San Martín não governou Estados ou Províncias por mais de 4 anos. E mais de uma vez recusou o poder – neste aspecto, foi parecido com seu amigo chileno Bernardo O´Higgins. Embora ambos autoritários, e ninguém comanda um exército sem sê-lo, o argentino era mais um estrategista e organizador e o venezuelano, um líder e comandante.
Então, o que aconteceu em Guayaquil? Bolívar não ofereceu a San Martín senão uma pequena quantidade de homens para sua força libertadora. E ficou evidente que Peru e Colômbia, então dirigidos por cada um deles, nunca uniriam forças por serem rivais. Não caberia a San Martín pacificar o norte, em justaposição a Bolívar. Ao sul, a Argentina lhe negou ajuda e, no Chile, seu aliado O´Higgins estava prestes a cair. Não sobrava mais ninguém para apoiá-lo.
Mas, assim como ele abandonou a América pela Europa, ele já havia inversamente abandonado muito antes a Espanha pela Argentina.
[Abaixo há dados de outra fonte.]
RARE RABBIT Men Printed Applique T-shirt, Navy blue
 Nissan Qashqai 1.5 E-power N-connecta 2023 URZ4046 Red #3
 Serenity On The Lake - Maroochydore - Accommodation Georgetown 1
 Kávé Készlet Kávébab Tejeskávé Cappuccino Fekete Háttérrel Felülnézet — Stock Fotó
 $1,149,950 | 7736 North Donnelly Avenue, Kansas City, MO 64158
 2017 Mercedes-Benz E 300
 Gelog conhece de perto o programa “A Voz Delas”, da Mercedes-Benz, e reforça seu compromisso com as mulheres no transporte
Ele passou a juventude na Europa e lutou na África, na Espanha, em Portugal e na chamada Guerra Peninsular, quando os exércitos napoleônicos invadiram a Península Ibérica. Mas, quando tinha quase 30 anos, decidiu voltar à Argentina. E, da mesma forma como dez anos depois, quando retornou à Europa, ninguém sabe por quê.
Se você for à Argentina, não encontrará cidade alguma, por menor que seja, sem uma avenida, praça, estátua ou rua com o nome de José San Martín. O homem que foi ignorado por seus contemporâneos é hoje o maior herói nacional da Argentina.